Whilst there will always be some employees who quite obviously take advantage of the situation and do as little as possible, most will happily work a lot better if you do your job properly as a manager. For many business owners, that may mean recognising that you are short of skills and taking appropriate steps to learn them.

The number one complaint amongst owners of small to medium enterprises (SME’s) is how hard it is to get good people. To some extent that is true, but in reality it is the management of the people they have that is generally poor and, were they to fix that and use that impetus to grow their business, the problem of attracting a better quality employee would reduce.
There is no magic solution to getting better results from your team.
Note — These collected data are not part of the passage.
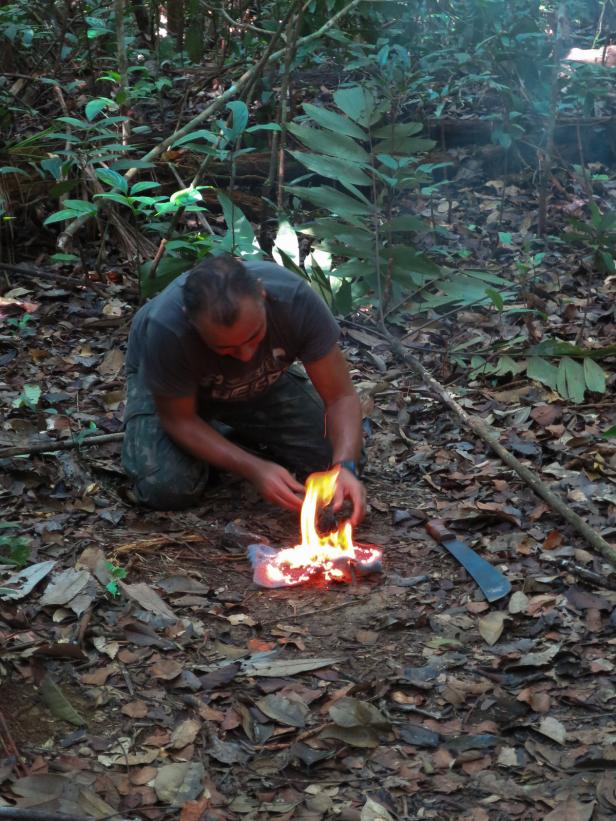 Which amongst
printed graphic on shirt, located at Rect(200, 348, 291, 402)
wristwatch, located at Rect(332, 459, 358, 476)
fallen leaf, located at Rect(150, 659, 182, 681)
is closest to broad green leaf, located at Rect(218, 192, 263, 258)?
printed graphic on shirt, located at Rect(200, 348, 291, 402)

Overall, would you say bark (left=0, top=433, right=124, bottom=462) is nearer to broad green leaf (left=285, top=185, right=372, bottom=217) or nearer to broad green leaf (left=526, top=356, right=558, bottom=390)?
broad green leaf (left=285, top=185, right=372, bottom=217)

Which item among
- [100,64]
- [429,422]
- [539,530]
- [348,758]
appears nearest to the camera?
[348,758]

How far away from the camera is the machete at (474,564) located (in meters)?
3.25

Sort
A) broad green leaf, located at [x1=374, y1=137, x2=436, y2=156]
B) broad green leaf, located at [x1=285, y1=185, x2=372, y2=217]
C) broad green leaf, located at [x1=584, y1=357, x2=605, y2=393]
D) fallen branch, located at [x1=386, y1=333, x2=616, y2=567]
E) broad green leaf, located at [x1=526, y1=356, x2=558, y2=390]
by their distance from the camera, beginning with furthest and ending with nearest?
broad green leaf, located at [x1=374, y1=137, x2=436, y2=156], broad green leaf, located at [x1=285, y1=185, x2=372, y2=217], broad green leaf, located at [x1=526, y1=356, x2=558, y2=390], broad green leaf, located at [x1=584, y1=357, x2=605, y2=393], fallen branch, located at [x1=386, y1=333, x2=616, y2=567]

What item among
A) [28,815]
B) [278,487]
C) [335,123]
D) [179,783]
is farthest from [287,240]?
[28,815]

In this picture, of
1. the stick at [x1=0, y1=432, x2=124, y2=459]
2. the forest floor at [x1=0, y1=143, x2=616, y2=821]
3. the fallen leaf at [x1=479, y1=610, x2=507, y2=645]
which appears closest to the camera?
the forest floor at [x1=0, y1=143, x2=616, y2=821]

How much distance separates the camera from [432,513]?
151 inches

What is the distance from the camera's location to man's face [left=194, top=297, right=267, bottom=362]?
315 cm

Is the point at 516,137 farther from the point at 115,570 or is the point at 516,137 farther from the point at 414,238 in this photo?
the point at 115,570

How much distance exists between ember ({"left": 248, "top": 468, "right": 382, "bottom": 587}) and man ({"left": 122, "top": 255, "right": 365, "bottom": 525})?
0.23 feet

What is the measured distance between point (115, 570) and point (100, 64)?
505cm

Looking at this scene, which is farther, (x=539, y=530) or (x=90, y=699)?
(x=539, y=530)

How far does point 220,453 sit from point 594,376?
1.78 meters

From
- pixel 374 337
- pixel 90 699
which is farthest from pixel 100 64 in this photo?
pixel 90 699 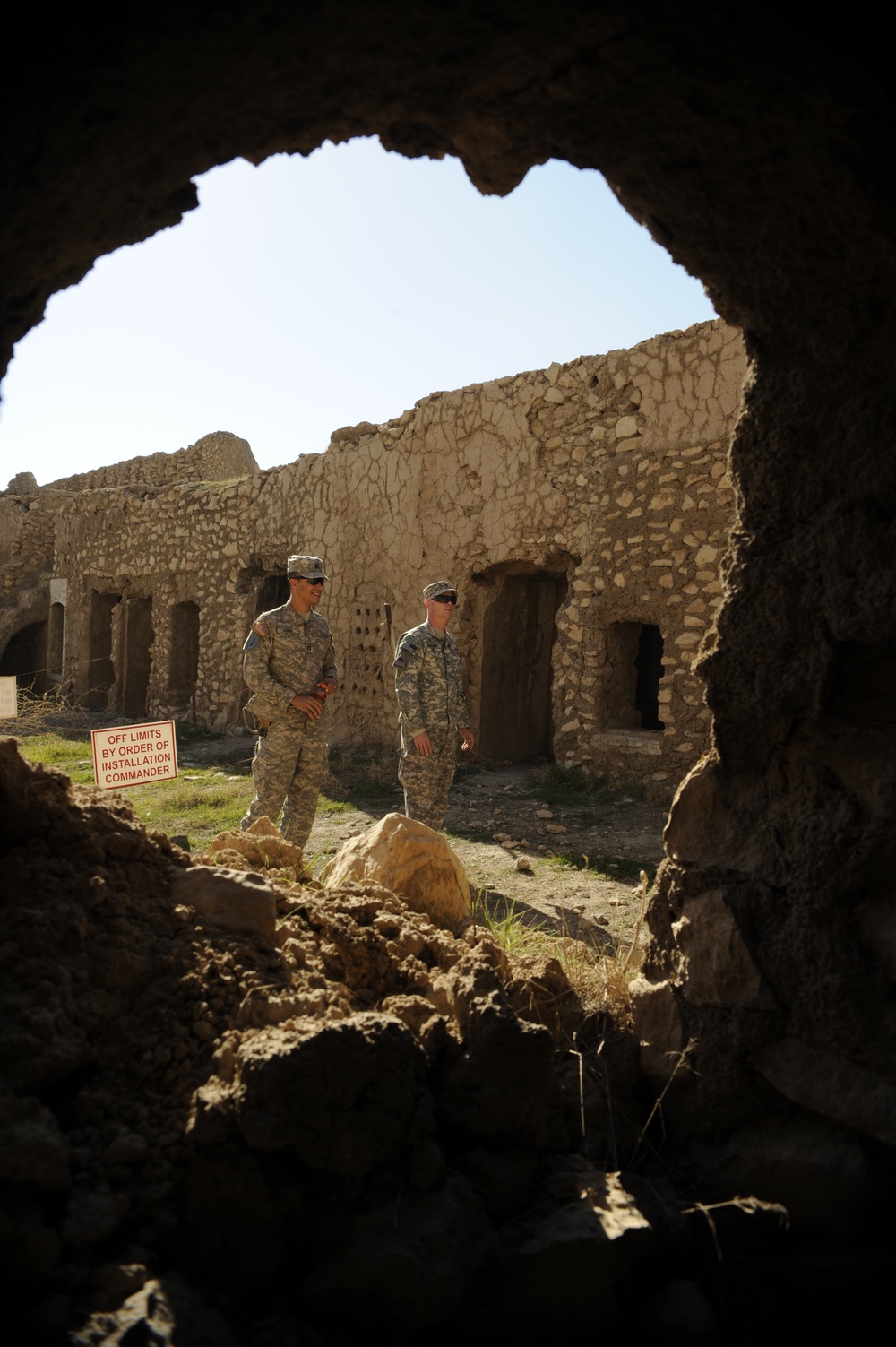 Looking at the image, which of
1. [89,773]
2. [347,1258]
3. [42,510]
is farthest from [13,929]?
[42,510]

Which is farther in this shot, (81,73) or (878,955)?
(878,955)

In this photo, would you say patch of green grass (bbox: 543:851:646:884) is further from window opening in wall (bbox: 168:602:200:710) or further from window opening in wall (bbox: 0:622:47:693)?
window opening in wall (bbox: 0:622:47:693)

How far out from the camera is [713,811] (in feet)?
8.07

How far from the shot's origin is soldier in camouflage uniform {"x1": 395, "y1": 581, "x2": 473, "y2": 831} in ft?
17.4

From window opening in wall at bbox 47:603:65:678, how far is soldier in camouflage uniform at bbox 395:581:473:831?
12243 mm

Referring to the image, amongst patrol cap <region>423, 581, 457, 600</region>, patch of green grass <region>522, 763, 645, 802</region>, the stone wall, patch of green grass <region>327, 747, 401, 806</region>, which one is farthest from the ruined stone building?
the stone wall

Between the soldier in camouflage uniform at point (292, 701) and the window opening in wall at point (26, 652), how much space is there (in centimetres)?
1348

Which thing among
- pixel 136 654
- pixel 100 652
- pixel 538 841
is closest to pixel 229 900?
pixel 538 841

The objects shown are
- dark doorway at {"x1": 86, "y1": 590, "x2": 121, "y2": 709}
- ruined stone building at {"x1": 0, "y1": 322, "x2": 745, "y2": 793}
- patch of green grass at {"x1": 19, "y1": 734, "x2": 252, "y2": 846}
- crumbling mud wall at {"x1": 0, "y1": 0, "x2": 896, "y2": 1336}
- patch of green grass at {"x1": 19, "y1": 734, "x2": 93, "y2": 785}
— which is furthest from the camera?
dark doorway at {"x1": 86, "y1": 590, "x2": 121, "y2": 709}

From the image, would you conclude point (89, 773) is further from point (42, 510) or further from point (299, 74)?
point (42, 510)

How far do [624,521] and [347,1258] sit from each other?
6395mm

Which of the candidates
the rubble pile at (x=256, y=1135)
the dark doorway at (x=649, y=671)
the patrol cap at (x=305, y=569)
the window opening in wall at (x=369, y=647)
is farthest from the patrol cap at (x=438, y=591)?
the dark doorway at (x=649, y=671)

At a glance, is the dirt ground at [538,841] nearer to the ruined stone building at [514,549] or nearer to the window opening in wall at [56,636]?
the ruined stone building at [514,549]

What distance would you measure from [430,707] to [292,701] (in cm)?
85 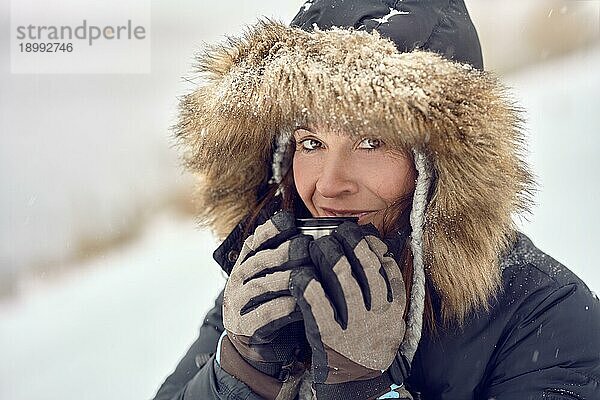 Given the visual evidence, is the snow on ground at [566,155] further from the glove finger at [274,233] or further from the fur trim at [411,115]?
the glove finger at [274,233]

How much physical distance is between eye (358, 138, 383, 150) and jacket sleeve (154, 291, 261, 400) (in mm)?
280

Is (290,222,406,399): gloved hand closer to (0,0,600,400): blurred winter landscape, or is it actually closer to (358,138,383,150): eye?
(358,138,383,150): eye

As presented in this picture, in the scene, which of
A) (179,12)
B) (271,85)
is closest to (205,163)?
(271,85)

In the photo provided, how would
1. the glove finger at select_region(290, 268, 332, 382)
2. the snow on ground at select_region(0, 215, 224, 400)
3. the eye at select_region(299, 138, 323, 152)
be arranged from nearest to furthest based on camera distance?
the glove finger at select_region(290, 268, 332, 382)
the eye at select_region(299, 138, 323, 152)
the snow on ground at select_region(0, 215, 224, 400)

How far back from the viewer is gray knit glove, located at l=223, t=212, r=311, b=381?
2.26 ft

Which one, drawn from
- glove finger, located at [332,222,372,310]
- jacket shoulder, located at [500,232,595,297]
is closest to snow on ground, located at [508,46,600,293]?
jacket shoulder, located at [500,232,595,297]

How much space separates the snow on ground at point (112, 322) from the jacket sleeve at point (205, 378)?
679 millimetres

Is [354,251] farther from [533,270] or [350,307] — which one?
[533,270]

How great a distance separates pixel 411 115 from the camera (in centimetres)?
67

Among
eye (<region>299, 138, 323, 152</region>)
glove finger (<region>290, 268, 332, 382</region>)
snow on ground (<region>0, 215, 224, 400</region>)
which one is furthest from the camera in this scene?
snow on ground (<region>0, 215, 224, 400</region>)

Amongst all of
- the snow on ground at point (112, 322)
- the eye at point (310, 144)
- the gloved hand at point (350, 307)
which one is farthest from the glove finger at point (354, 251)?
the snow on ground at point (112, 322)

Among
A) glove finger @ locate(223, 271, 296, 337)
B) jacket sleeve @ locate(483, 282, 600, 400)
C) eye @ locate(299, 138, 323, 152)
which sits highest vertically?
eye @ locate(299, 138, 323, 152)

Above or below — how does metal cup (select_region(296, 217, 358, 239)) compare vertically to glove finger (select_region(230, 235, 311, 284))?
above

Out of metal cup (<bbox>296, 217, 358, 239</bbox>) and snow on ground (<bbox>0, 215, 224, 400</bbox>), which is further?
snow on ground (<bbox>0, 215, 224, 400</bbox>) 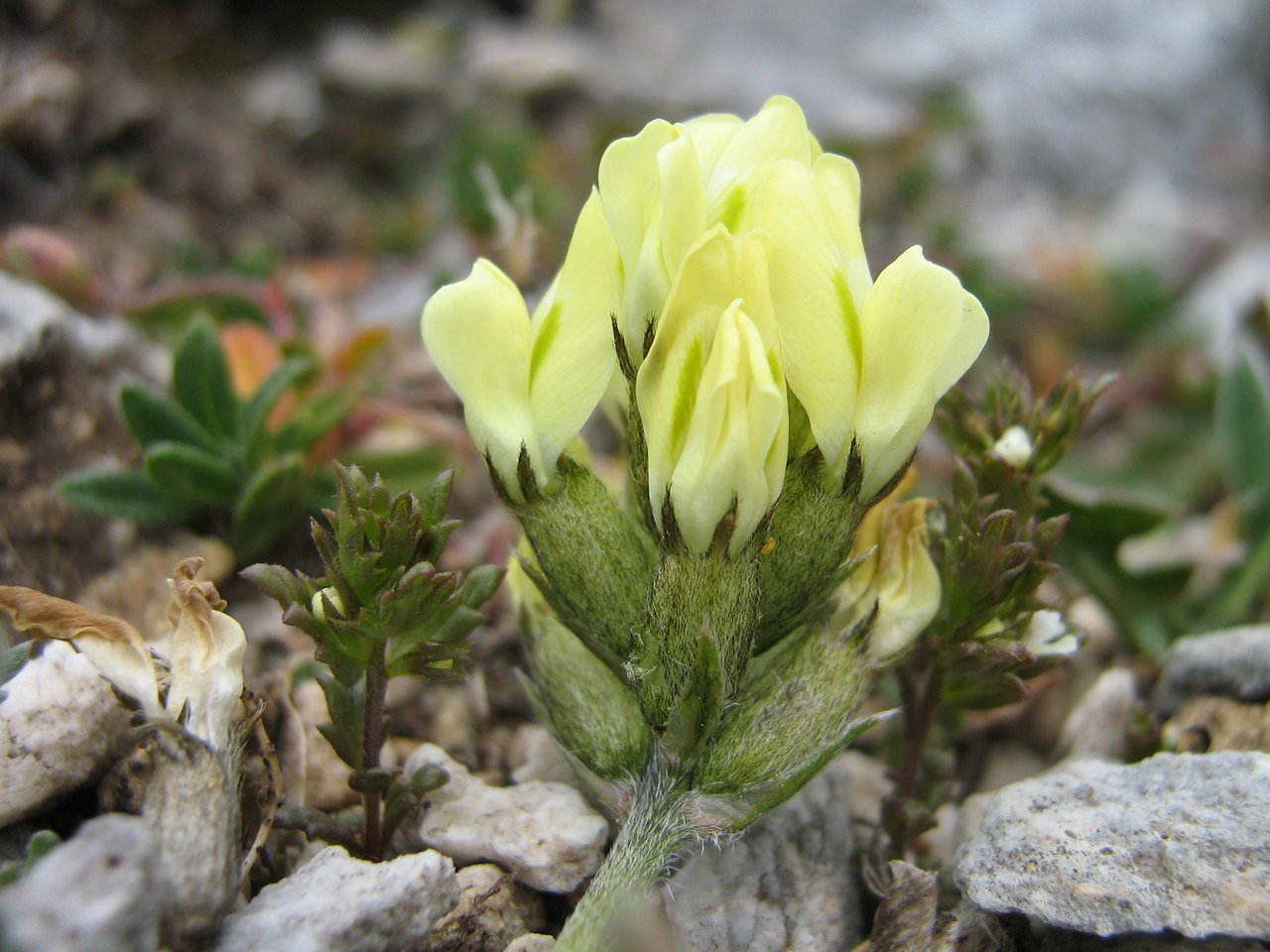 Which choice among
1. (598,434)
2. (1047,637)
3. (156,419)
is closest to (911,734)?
(1047,637)

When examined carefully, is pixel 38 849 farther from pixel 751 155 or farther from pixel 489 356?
pixel 751 155

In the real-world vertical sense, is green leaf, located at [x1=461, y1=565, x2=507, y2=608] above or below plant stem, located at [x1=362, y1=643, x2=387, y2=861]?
above

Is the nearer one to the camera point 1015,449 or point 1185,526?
point 1015,449

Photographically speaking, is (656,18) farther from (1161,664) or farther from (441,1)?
(1161,664)

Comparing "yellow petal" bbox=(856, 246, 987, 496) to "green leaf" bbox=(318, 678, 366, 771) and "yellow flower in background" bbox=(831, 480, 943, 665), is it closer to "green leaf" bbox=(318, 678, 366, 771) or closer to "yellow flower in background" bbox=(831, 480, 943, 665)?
"yellow flower in background" bbox=(831, 480, 943, 665)

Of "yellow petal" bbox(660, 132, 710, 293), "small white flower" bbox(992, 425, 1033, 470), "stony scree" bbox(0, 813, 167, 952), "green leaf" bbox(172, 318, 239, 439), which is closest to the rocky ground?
"stony scree" bbox(0, 813, 167, 952)
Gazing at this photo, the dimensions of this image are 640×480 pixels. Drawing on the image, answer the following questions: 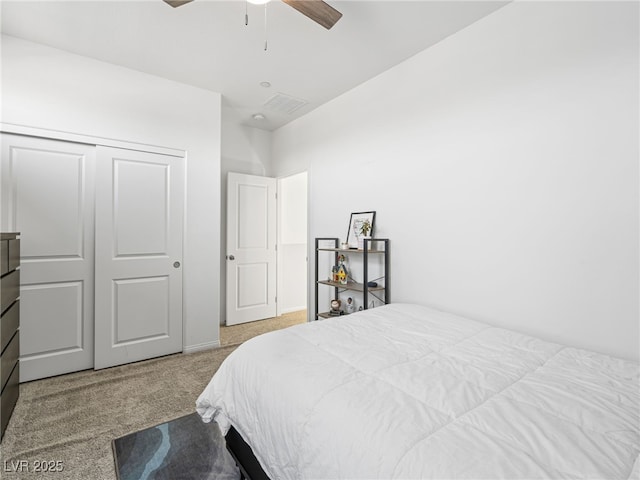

It boils down to traditional management practises, thoroughly executed.
So here is a checklist of the things you need to have in place before you can realistically expect consistently good performance that will make its way to the businesses bottom-line.
  1. Recruit better. The best way to ensure that the people you employ are going to work out for you is to make sure that you hire only people that are compatible with your organisation and the intended role, and will thrive within the culture of the business.
  2. Have proper role documentation. Without this, your employees will remain unclear about what you expect of them and how their performance will be evaluated. If they don’t really understand what you expect, how can they deliver?
  3. Introduce a thorough and formal induction process in your business. This is not restricted to corporates. It really helps new employees understand the lay of the land and who is who in the organisation, helping them to get productive more quickly.
  4. Meet regularly in an atmosphere of active listening, and provide constructive feedback. Make sure you master this technique, otherwise you will create unnecessary  tension and the results you are after will probably elude you.
  5. Create systems for your team to work within. This will make difficult things routine and help you bring on new employees quickly and efficiently.
  6. Conduct formal performance appraisals. These are very effective management opportunities; don’t forego them because you don’t know how to do them.
Most important of all, is to get all of the 6 points above completed in your business. Whilst having some of them is certainly better than having none, this list works best  as a complete system. Once you have it set up and properly systemised, your business will be unrecognisable and you will be able to focus on more valuable and important issues.